Given a polytope \(P := \left\{ (x,X) \in {\mathop {\mathrm{I}\mathrm{R}}\nolimits }^n\times {{\mathcal {S}}}^n \mid Bx+ V^*X\ge b\right\} \), a point \(({\hat{x}},{\hat{X}}) \in P\) and a disjunction \(D: = \bigvee ^q_{k=1} (D_kx+ W_k^*X\ge d_k)\), the central issue in disjunctive programming is to demonstrate that \(({\hat{x}},{\hat{X}}) \in Q\) or to find a valid inequality \(\alpha ^T x +\mathrm{Tr}\displaystyle {\left(U X\right)}\ge \beta \) for Q that is violated by \(({\hat{x}},{\hat{X}})\), where \(Q: = \mathrm{clconv} \bigcup ^q_{k=1}\left\{ (x,X) \in P \mid D_k x + W_k^*X\ge d_k \right\} \).
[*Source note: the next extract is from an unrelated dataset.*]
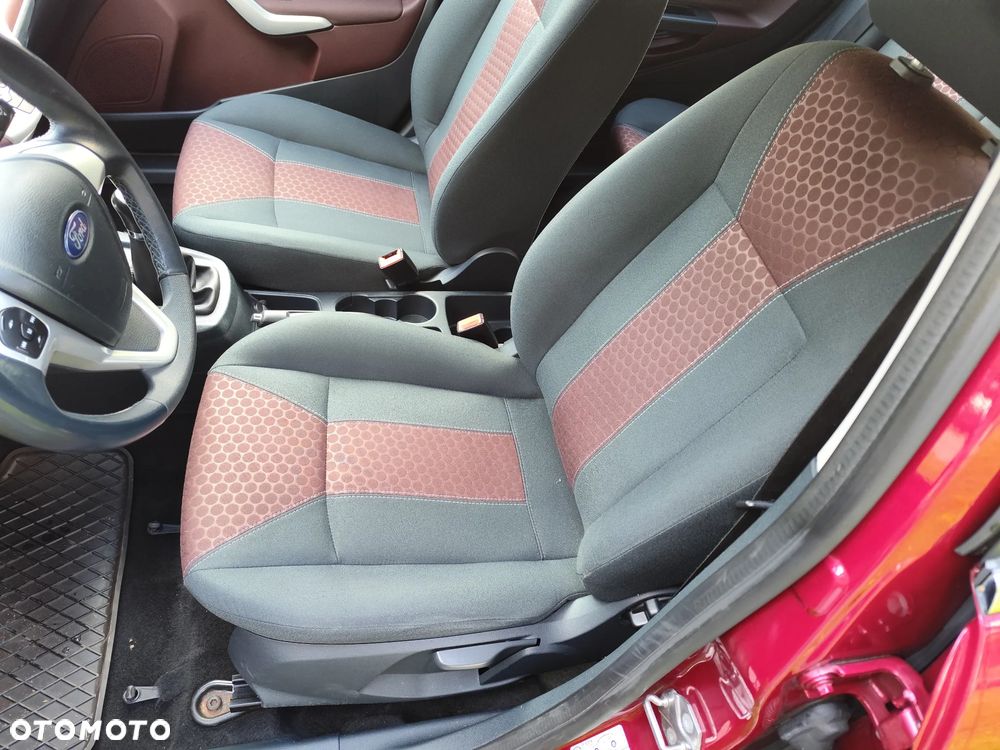 Ford Fiesta - 11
The following theorem is a direct generalization of Theorem 1 in [21].

Theorem A.1

  \(({\hat{x}},{\hat{X}}) \in Q\) if and only if the optimal value of the following Cut Generation Linear Program (CGLP) is nonnegative.
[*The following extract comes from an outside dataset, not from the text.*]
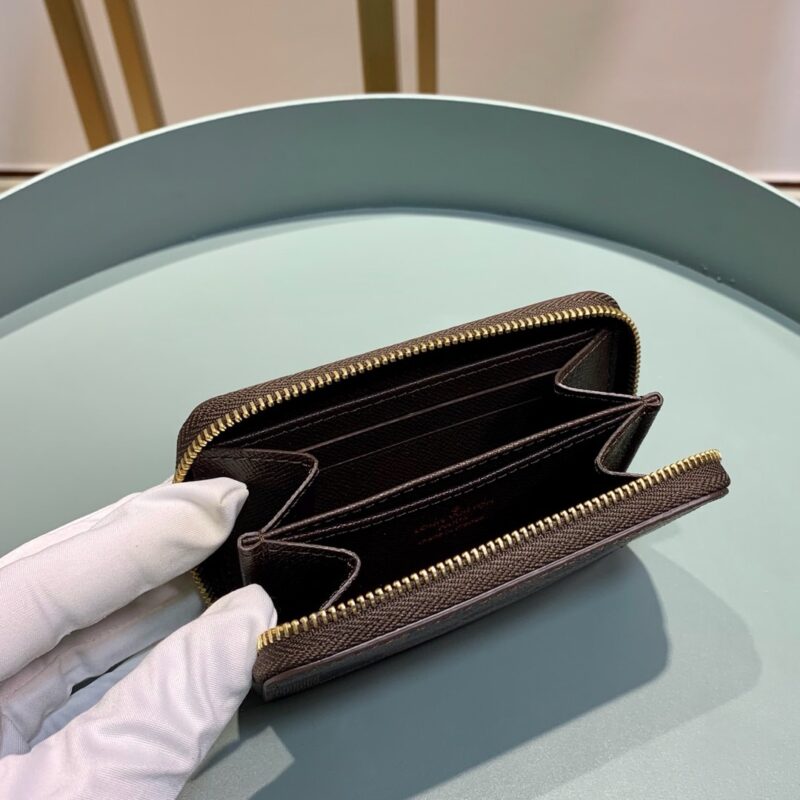 Alternative view of Louis Vuitton Zippy Coin Purse Damier Ebene Brown Wallet 11Cm N63070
$$\begin{aligned}&\min \, \alpha ^T {\hat{x}} +\mathrm{Tr}\displaystyle {\left(U\hat{X}\right)}- \beta \\&\mathrm{s.~t. }\,\, B^Tu^k+D_k^Tv^k=\alpha ,~k=1,\ldots ,q,\\&\quad Vu^k+ W_kv^k=U,~k=1,\ldots ,q,\\&\quad b^Tu^k+d_k^Tv^k\ge \beta ,~k=1,\ldots ,q,\\&\quad u^k,v^k\ge 0,~k=1,\ldots ,q,\\&\quad \sum _{k=1}^q\left( \xi ^Tu^k+\xi _k^Tv^k\right) =1, \end{aligned}$$

where \(\xi \) and \(\xi _k\)\((k = 1,\ldots , q)\) are any nonnegative vectors of conformable dimensions that satisfy \(\xi _k > 0\)\((k = 1, \ldots , q)\). If the optimal value of (CGLP) is negative, and \((\alpha , U,\beta , u_1, v_1, \ldots , u_q, v_q)\) is an optimal solution of (CGLP), then \(\alpha ^T x +\mathrm{Tr}\displaystyle {\left(UX\right)}\ge \beta \) is a valid inequality for Q which cuts off \(({\hat{x}},{\hat{X}})\).
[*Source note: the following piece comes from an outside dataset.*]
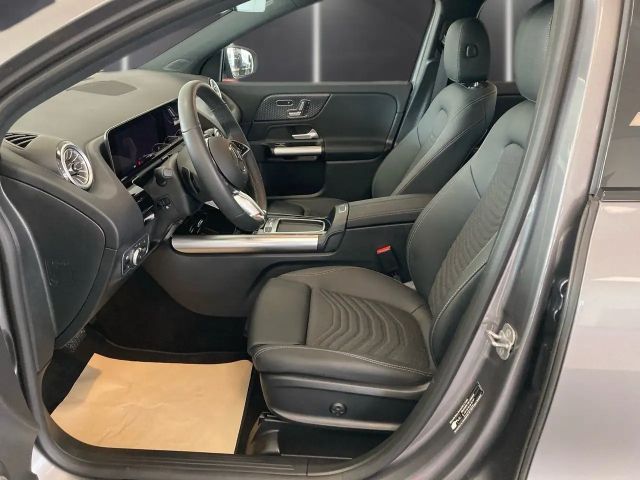 Mercedes-Benz GLA 250 4MATIC Progressive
In our computational results, the parameters \(\xi \) and \(\xi _k(k = 1,\ldots , q)\) in CGLP are generated in the same fashion as in [21].

Now, we describe the approach for generating disjunctive cuts in [21]. We denote by \((\hat{x}, \hat{X})\) the solution to relaxation (SDR+RLT) which we want to cut off. Let \(\lambda _1 \ge \ldots \ge \lambda _q>0=\lambda _{q+1}\ldots = \lambda _n\) be eigenvalues of the matrix \({\hat{Z}}=\hat{X}-\hat{x}\hat{x}^T\), and let \(p_1, \ldots , p_n\) be a corresponding set of orthonormal eigenvectors. Let \(k\in \{1,\ldots ,q\}\), define

$$\begin{aligned} \eta _l^k=\min _{(x,X)\in {{\mathcal {F}}}}p^T_kx,\quad \eta _u^k=\max _{(x,X)\in {{\mathcal {F}}}}p^T_kx. \end{aligned}$$

Choose \(\theta _k=p^T_k\hat{x}\). As pointed out in [21], the following disjunction can be derived by splitting the range \([\eta _l^k, \eta _u^k]\) of the function \(p^T_ky\) over \({{\mathcal {F}}}\) into two intervals \([\eta _l^k, \theta _k]\) and \([\theta _k, \eta _u^k]\) and constructing a secant approximation of the function \(-(p^T_ky)^2\) in each of the intervals, respectively.

$$\begin{aligned} \left[ \begin{array}{c}\eta _l^k\le p^T_kx\le \theta _k\\ \mathrm{Tr}\displaystyle {\left(p_kp_k^TX\right)}-(\eta _l^k+\theta _k)p^T_kx+\theta _k\eta _l^k\le 0\end{array}\right] \bigvee \left[ \begin{array}{c}\theta _k\le p^T_kx\le \eta _u^k \\ \mathrm{Tr}\displaystyle {\left(p_kp_k^TX\right)}-(\eta _u^k+\theta _k)p^T_kx+\theta _k\eta _u^k\le 0\end{array}\right] . \end{aligned}$$

The above disjunction can be used to derive the following disjunctive cuts by using the apparatus of CGLP:

$$\begin{aligned} \alpha _k^T x +\mathrm{Tr}\displaystyle {\left(U_kX\right)}\ge \beta _k,~~k=1,\ldots ,q. \end{aligned}$$